Mais c’est aussi, mais c’est surtout, l’expression de la revanche et de la méfiance du persécuté, de l’humilié, de celui qui depuis la nuit des temps n’a cessé d’errer sur la terre à la recherche d’un havre que personne n’a jamais voulu lui accorder, le reprouvé, l’hérétique à qui on a fait payer le prix – et quel prix ! – de ne pas avoir consenti à reconnaître l’autorité d’un apôtre assez givré pour tendre l’autre joue afin de mieux goûter à la douleur, le déporté dont on a essayé par tous les moyens de se débarrasser et qui continue envers et contre tout à exister, oui c’est le cri du cœur de celui qui a trop souffert, trop pleuré, qui a tout recommencé, tout perdu sauf son sens de la dérision et de l’humour.


On voit ici une illustration de la pensée juive : pour maintenir la cohésion de la tribu, on leur apprend depuis tout petits qu’ils seraient de pauvres victimes innocentes qui n’ont jamais rien fait, persécutés « sans raison » pour prix de leur « élection » ; leur survie à travers les millénaires face à toutes ces offenses étant censé être la preuve de leur essence divine. Hervé Ryssen a bien analysé ces traits d’esprit dans ses ouvrages.

Notre Marseille, notre God Save the Queen, notre Star and Stripes à nous !

Allons enfants de la Goyerie.

Le Goy n’est pas l’ennemi du Juif, tout au contraire, il est celui qui donne toute sa saveur à la condition de Juif. Il est celui par qui on glorifie notre propre génie, celui qui magnifie notre superbe étrangeté, celui à qui peut-être on meurt de ressembler sans jamais oser se l’avouer, qu’on jalouse en secret dans le tourment de notre existence jamais apaisée.


Dit plus clairement, selon les Juifs, le goy est censé être là pour les mettre en valeur par comparaison – même si franchement quand on voit leurs têtes dégénérées, les maladies génétiques qui abondent chez eux, leur mentalité tordue, on est bien content de ne pas être eux !

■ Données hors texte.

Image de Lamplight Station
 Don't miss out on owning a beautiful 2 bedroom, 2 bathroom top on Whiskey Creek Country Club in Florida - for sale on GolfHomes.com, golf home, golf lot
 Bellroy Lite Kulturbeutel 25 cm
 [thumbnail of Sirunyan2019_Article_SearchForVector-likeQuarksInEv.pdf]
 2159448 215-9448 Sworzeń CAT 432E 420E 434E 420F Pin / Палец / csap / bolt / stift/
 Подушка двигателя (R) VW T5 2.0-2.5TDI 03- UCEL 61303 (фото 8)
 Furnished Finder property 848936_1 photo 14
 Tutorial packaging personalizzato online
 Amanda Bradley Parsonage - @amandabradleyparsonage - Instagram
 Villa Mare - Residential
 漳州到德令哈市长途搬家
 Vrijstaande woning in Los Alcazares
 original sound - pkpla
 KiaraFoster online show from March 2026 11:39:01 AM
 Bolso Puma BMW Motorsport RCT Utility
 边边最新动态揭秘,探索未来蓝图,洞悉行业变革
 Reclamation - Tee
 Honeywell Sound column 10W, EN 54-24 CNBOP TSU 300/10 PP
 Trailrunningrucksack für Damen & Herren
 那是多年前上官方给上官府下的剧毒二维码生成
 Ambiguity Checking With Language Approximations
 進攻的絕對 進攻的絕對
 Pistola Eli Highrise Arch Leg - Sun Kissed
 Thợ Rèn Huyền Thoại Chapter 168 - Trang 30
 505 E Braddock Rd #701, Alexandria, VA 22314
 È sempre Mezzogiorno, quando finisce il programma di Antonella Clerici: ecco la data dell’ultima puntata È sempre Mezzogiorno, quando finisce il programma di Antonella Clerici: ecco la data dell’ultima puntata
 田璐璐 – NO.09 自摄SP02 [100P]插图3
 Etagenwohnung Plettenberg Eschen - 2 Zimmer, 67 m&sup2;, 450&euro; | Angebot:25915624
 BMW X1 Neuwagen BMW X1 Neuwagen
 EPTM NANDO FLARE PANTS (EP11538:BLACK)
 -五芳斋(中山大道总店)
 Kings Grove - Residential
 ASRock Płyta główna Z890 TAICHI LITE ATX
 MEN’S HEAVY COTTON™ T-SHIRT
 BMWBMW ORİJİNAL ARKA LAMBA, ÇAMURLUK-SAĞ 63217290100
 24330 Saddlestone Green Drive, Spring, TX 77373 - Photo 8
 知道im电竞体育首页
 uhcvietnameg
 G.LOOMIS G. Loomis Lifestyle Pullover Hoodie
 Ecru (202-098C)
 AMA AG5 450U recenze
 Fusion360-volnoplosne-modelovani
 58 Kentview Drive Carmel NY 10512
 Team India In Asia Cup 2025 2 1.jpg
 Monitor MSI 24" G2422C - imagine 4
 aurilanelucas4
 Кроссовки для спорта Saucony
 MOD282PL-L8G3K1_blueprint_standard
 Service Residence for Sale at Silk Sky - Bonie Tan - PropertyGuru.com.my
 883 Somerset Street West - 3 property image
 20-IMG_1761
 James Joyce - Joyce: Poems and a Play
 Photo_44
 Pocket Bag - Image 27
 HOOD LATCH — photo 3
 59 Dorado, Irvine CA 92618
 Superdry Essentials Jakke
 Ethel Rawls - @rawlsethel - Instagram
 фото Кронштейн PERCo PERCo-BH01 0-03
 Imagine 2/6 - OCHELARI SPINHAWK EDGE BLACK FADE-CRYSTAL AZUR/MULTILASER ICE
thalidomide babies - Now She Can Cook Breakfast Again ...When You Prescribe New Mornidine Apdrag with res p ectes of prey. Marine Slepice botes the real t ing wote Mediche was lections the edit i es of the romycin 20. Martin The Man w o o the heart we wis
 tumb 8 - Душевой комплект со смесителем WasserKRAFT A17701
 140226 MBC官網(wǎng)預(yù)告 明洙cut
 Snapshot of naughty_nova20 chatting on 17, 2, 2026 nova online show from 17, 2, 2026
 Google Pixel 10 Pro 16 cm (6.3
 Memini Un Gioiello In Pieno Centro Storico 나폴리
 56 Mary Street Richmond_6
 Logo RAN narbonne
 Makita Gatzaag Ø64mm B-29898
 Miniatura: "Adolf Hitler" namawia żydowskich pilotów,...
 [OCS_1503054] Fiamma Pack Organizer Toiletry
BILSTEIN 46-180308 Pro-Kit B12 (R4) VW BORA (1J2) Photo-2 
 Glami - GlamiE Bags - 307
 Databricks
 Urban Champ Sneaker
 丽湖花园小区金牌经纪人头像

(((Sagalovitsch))) évite néanmoins de préciser que le goy serait supposé servir sa tribu – en tout cas si on en croit le défunt grand rabbin sépharade d’Israël, Ovadia Yosef, qui déclarait ouvertement que les goyim n’existeraient que pour servir les Juifs.

C’est en fait un Juif imparfait ce qui évidemment n’existe pas !


En français : « les Juifs sont parfaits », selon (((Sagalovitsch))).

Et après, (((Sagalovitsch))) viendra se demander pourquoi les Juifs ne sont pas aimés !

Il devrait méditer les mots de (((Bernard Lazare))) :

Partout où les Juifs, cessant d’être une nation prête à défendre sa liberté et son indépendance, se sont établis, partout s’est développé l’antisémitisme ou plutôt l’antijudaïsme, car antisémitisme est un mot mal choisi.
[…]
Si cette hostilité, cette répugnance même, ne s’étaient exercées vis-à-vis des juifs
qu’en un temps et en un pays, il serait facile de démêler les causes restreintes de ces colères ; mais cette race a été, au contraire, en butte à la haine de tous les peuples au milieu desquels elle s’est établie. Il faut donc, puisque les ennemis des Juifs appartenaient aux races les plus diverses, qu’ils vivaient dans des contrées fort éloignées les unes des autres, qu’ils étaient régis par des lois différentes, gouvernés par des principes opposés, qu’ils n’avaient ni les mêmes mœurs, ni les mêmes coutumes, qu’ils étaient animés d’esprits dissemblables ne leur permettant pas de juger également de toutes choses, il faut donc que les causes générales de l’antisémitisme aient toujours résidé en Israël même et non chez ceux qui le combattirent.